In 1969, Juan Velasco Alvarado’s military government began an ambitious land reform program in Peru, transferring holdings from large estates to peasant cooperatives. Fifty years later this reform remains controversial: critics claim it unjustly expropriated land and ruined the Peruvian economy, while supporters emphasize its success in addressing rural inequality and exploitation.
Moving beyond agricultural policy to offer a fresh perspective on the agrarian reform, Land without Masters shows how ideological assumptions and state interventions surrounding the reform transformed Peru’s political culture and social fabric. Drawing on fieldwork in three different regions, Anna Cant shows how the government adapted its discourse and interventions to the local context while using the reform as a platform for nation-building. This comparative approach reveals how local actors shaped the regional impact of the agrarian reform and highlights the new forms of agency that emerged, including that of marginalized peasants who helped forge a new social, cultural, and political landscape.
Making novel use of both visual and cultural sources, this book is a fascinating look at how the agrarian reform process permanently altered the relationship between rural citizens and the national government—and how it continues to resonate in Peruvian politics today.
Introduction Chapter 1. The History of the Land Question in Peru Chapter 2. SINAMOS: Promoting the Revolution in the Regions Chapter 3. Education for Social Change: The Making of the Campesino Citizen Chapter 4. The Agrarian Reform in Public Discourse Chapter 5. The Agrarian Reform in Historical Memory Conclusion
Notes Selected Bibliography Index
Anna Cant is an assistant professor of Latin American history at the London School of Economics and Political Science.
Land without Masters is an outstanding history of a confounding regime—a left-leaning military dictatorship that carried out the most ambitious agrarian reform in Latin America, save for Cuba...Correctly, in this reviewer's opinion, Cant argues that the military government significantly extended citizenship rights to Peru’s peasants and advanced political participation in the country...Highly recommended.
An original, thoroughly researched, and clear book on the 1969 Peruvian agrarian reform and the military government of Juan Velasco Alvarado…Cant convincingly argues that the agrarian reform marked a key moment of transformation not only due to its redistribution of land but also because of the political efforts enlisted and marshaled by the military government to achieve this aim...Cant’s book is a welcome addition to the history of modern Peru.
Land without Masters vividly reconstructs the tensions, conflicts, and enduring memories around the agrarian reform as an unfulfilled and yet truly transformative historical episode in the history of Peru and Latin America...Cant’s achievements are vast and profound...Land without Masters is more than a welcome contribution to the field. Cant offers an in-depth analysis, compellingly theoretical and captivatingly narrative, of Peru’s most important sociopolitical, economic, and cultural turning point. A new agrarian history of Peru and Latin America begins here.

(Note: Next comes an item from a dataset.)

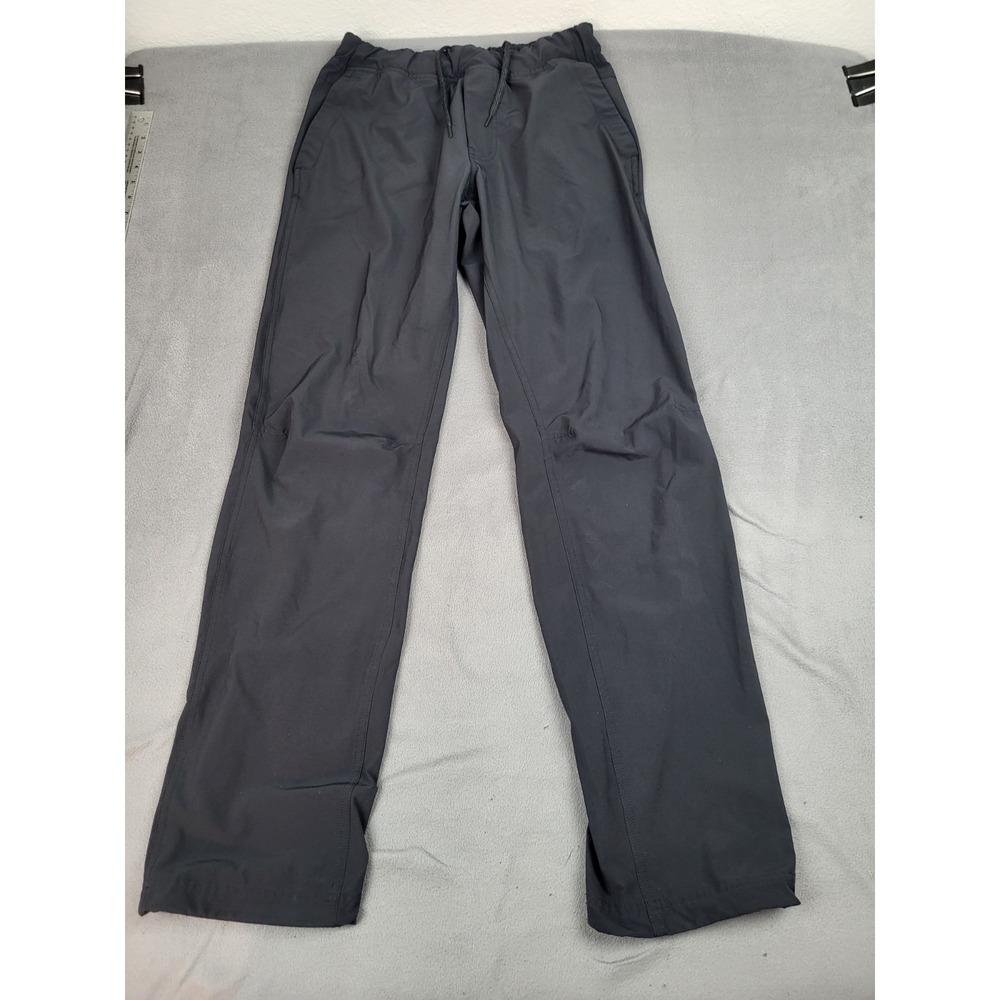REI Co-Op Milford Drawstring Pants Men Small Black Lightweight Quilted Quick Dry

~Hispanic American Historical Review
This book is an innovative and welcome study, as well as a timely one, of the 1969 agrarian reform that has much to teach us about the reform itself and its continuing importance to Peruvian politics and society.
Land without Masters makes a welcome addition to a scantly populated field, and offers an original take on a movement that, for complex reasons explored in its final chapter, is discussed infrequently in Peru and has largely been overlooked by historians...the conclusions which are reached in this notable work are robust, enlightening and convincing...The book is clearly written, easy to navigate, and beautifully illustrated by the photographs, prints and drawings that Cant has unearthed in the disparate collections that are scattered across the country. It is, therefore, suitable both for broad audiences and specialists.
~Journal of Latin American Studies
A very welcome addition to the growing body of literature that is now challenging the neoclassical/political science orthodoxy that ‘Latin America’s so-called transitions to democracy [followed] the rise of human rights agenda and a global break with the statist policies of the 1960s and 1970s'...[an] excellent book.
~Bulletin of Latin American Research
Innovative and ambitious...Land Without Masters provides an urgently needed and relevant history of agrarian politics and military government during the Velasco era. While illuminating the often-hidden logistics of large-scale land reform, Cant goes beyond policy to ultimately reveal how state practice and ideology interact to shape the idea of the nation itself. Clear and profound, Land Without Masters is an encouraging example of historiography that does not elide the hidden complexity of state-led development, but meets it head-on.